The case was brought by two environmental groups, Protect the Adirondacks and Adirondack Wild: Friends of the Forest Preserve. The two sued the state at the beginning of this year, fighting against a bridge that would connect an existing trail network between Indian Lake and Minerva.
Two Adirondack environmental groups have sued the state Department of Environmental Conservation over a planned snowmobile bridge in the centr…
According to DEC permit documents, the bridge would be about 139 feet long, 12 feet wide and made of steel. It would be built in the town of Minerva.
The environmental groups argue the Cedar River is considered “scenic” under the state’s Wild, Scenic and Recreational Rivers System Act, and thus is protected from such a project.

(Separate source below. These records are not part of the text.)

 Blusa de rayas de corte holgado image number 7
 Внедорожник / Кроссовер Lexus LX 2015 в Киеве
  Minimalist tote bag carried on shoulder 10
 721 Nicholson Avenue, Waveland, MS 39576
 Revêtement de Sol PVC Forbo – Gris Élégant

Opening arguments were made by lawyer Chris Amato, representing the environmental groups, and Susan Taylor and Nick Buttino, both assistant attorneys general for the state, representing the Department of Environmental Conservation. Amato is a former DEC commissioner for natural resources.

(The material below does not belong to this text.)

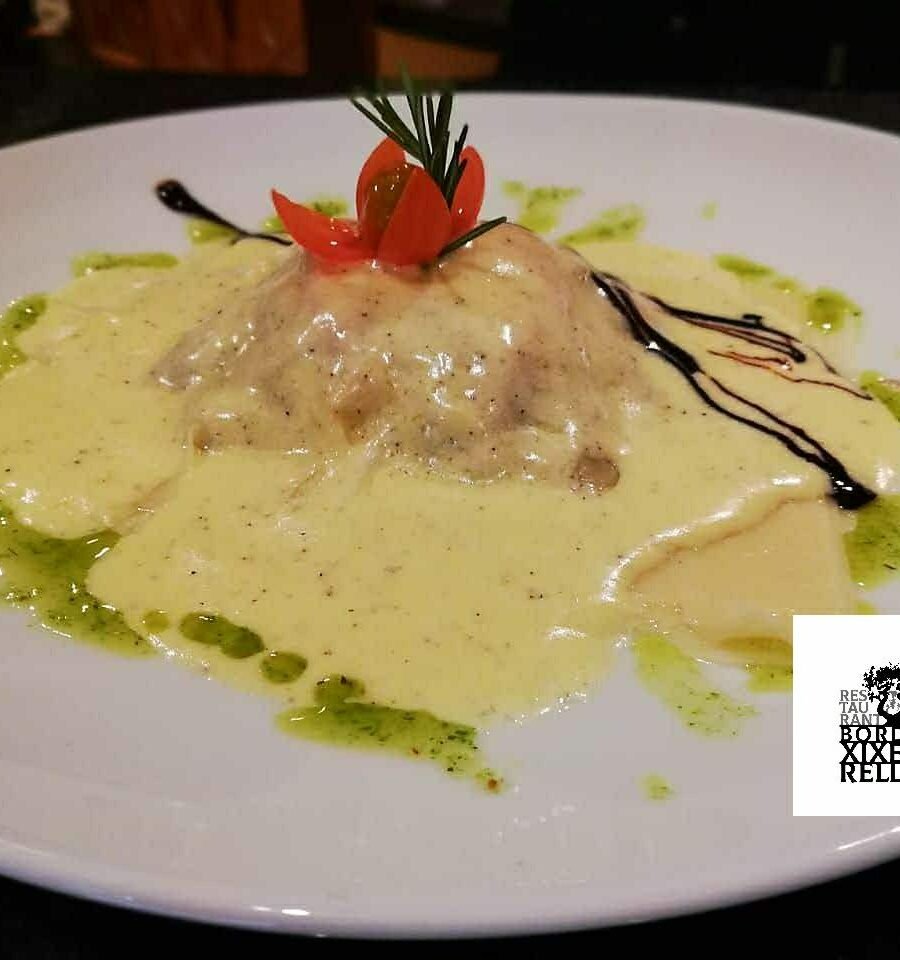 «Lasagna» d’albergínies amb crema de tòfona negra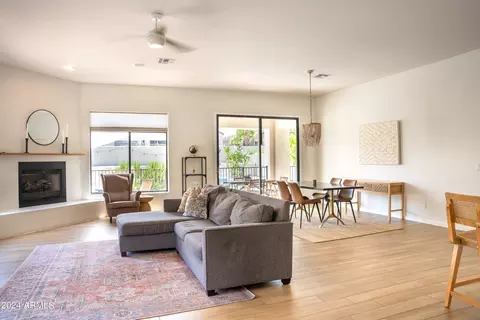 2223 E Valencia Dr, Phoenix, AZ 85042 photo 9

The hearing was prefaced by Muller’s disclosure that he knew the area well and had once been a member of the Gooley Club, a hunting and fishing camp in Newcomb.

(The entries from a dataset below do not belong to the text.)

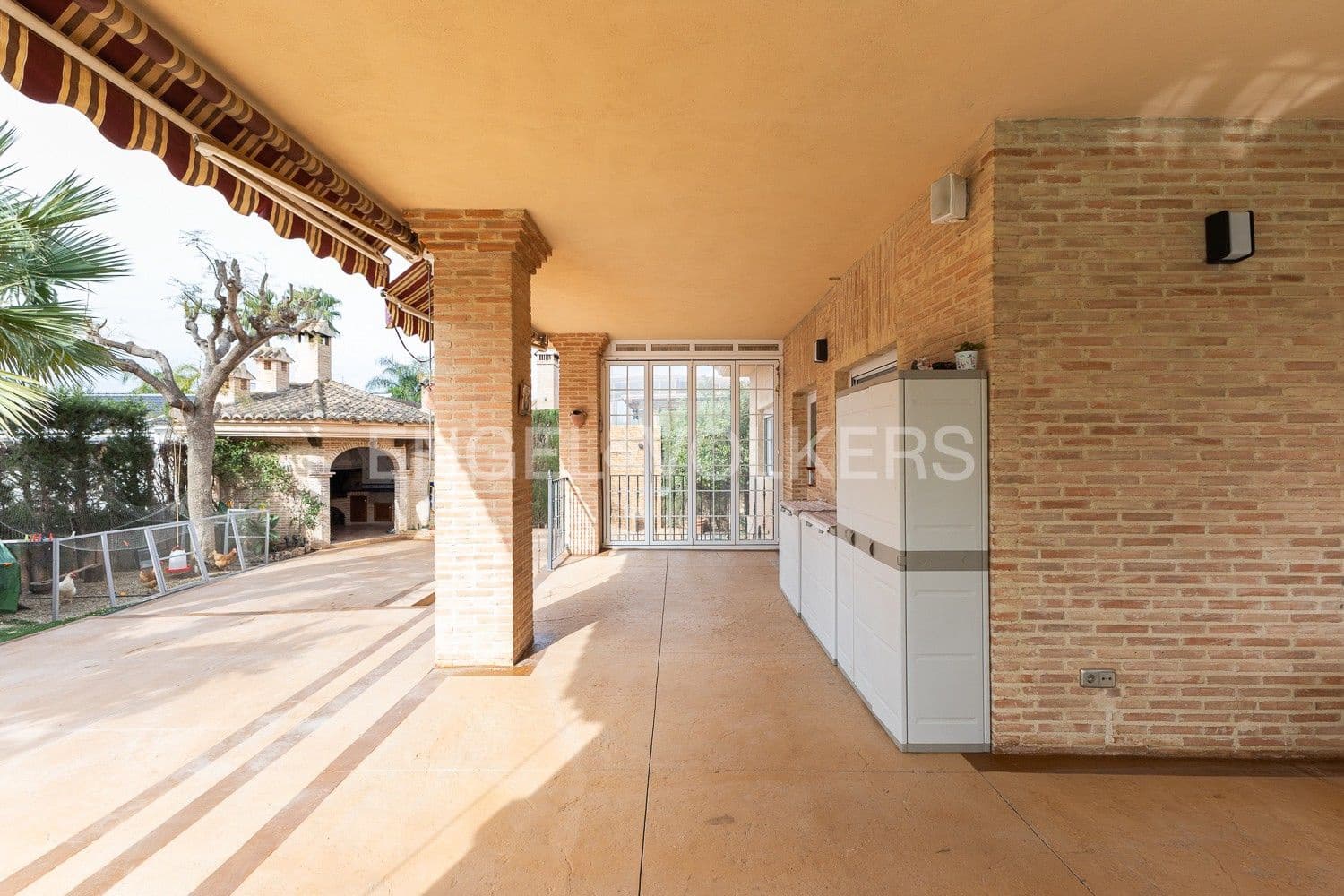 8 slaapkamer Villa te koop in L'Eliana met zwembad garage - € 1.590.000 (Ref: 9080485)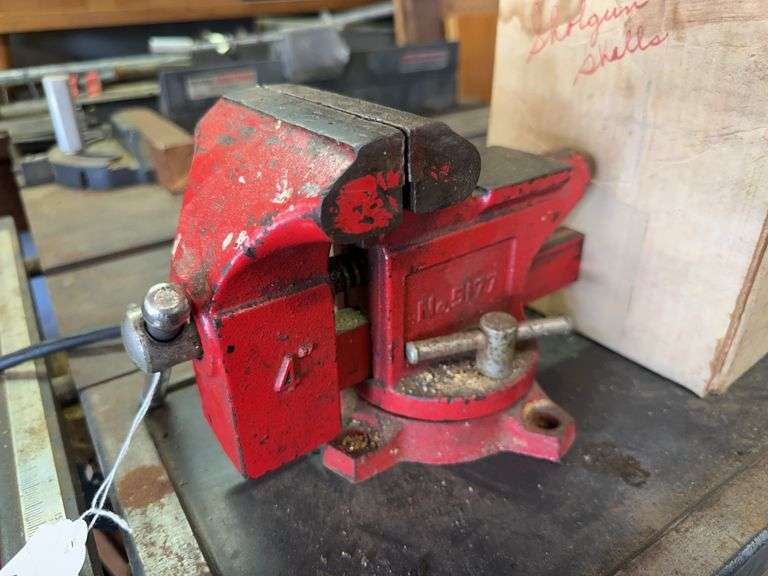 4 inch vice, misc casters image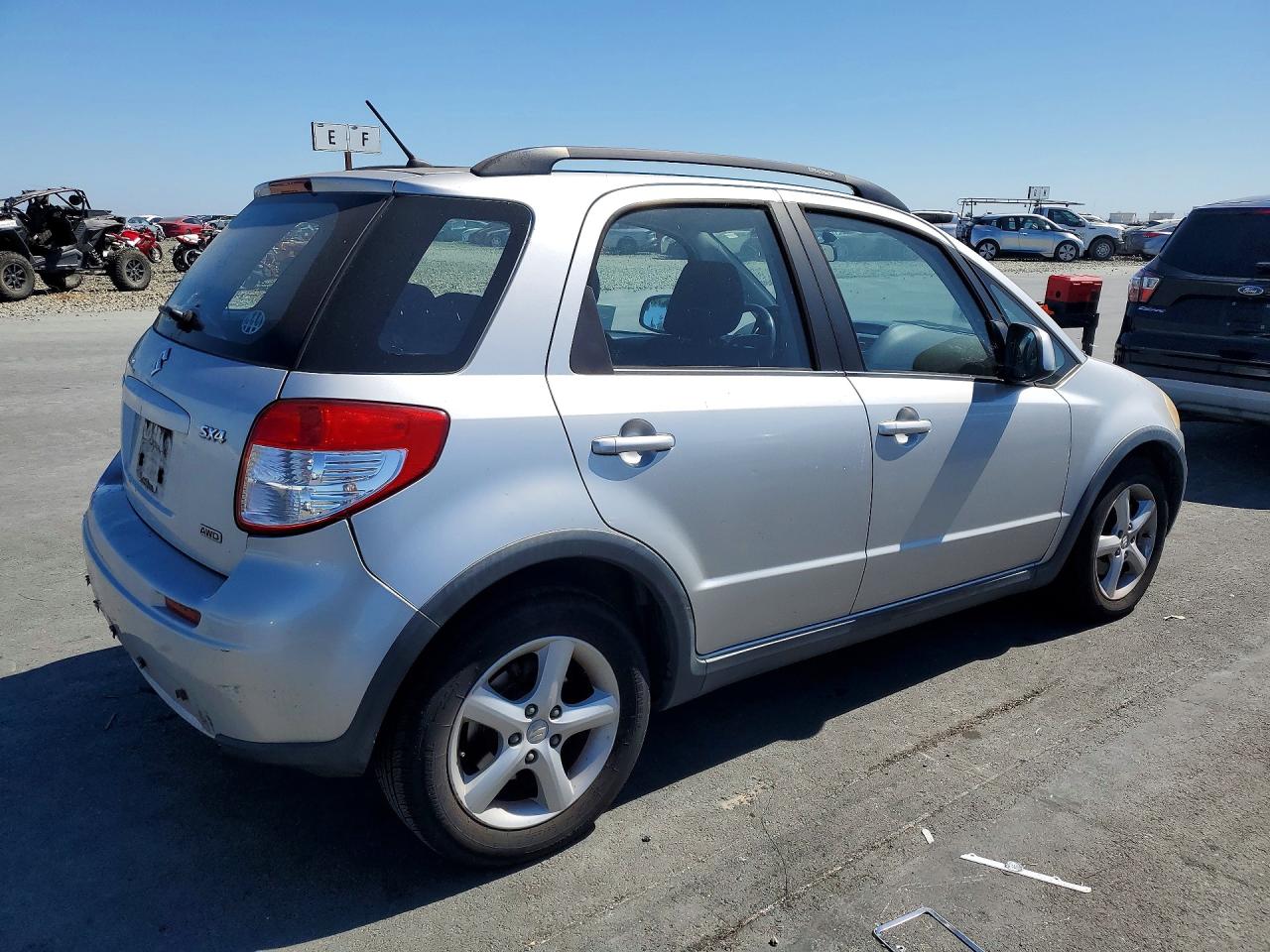 2007 Suzuki Sx4 Silver vin: JS2YB413775106770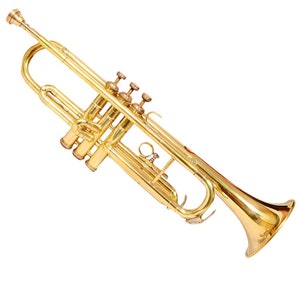 Trumpet Brass Bb Brass Finish by Zaimahandicraft comes with a Hard Case and a mouthpiece used for Marching Concerts and a Gift For All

He left his membership 15 years ago, Muller said. He did not feel he needed to recuse himself from the case, but offered to discuss it with both parties. Following an approximately 30-minute private conference with the lawyers, both parties said they had no issue with Muller’s connection to the land.
Amato began with his opening arguments.
The Rivers Act, short for the Wild, Scenic and Recreational Rivers System Act, was created by the state Legislature to protect “the unique ecological, scenic and recreational use” and to “identify in the act the limited type of land use and development that are compatible in or allowable in a designated river area,” Amato said.
DEC’s regulations include what uses are allowed, and trails and bridges for motorized recreational uses are not included, Amato said. He added that the regulations state “any use or structure that is not listed ... is presumed to be incompatible with the purposes and policies of the Rivers Act.”
“What this case does is it puts squarely before the court that whether the protections afforded under the Rivers Act are going to be working as intended by the Legislature, or whether DEC can, with its administrative magic wand, make them disappear,” Amato said.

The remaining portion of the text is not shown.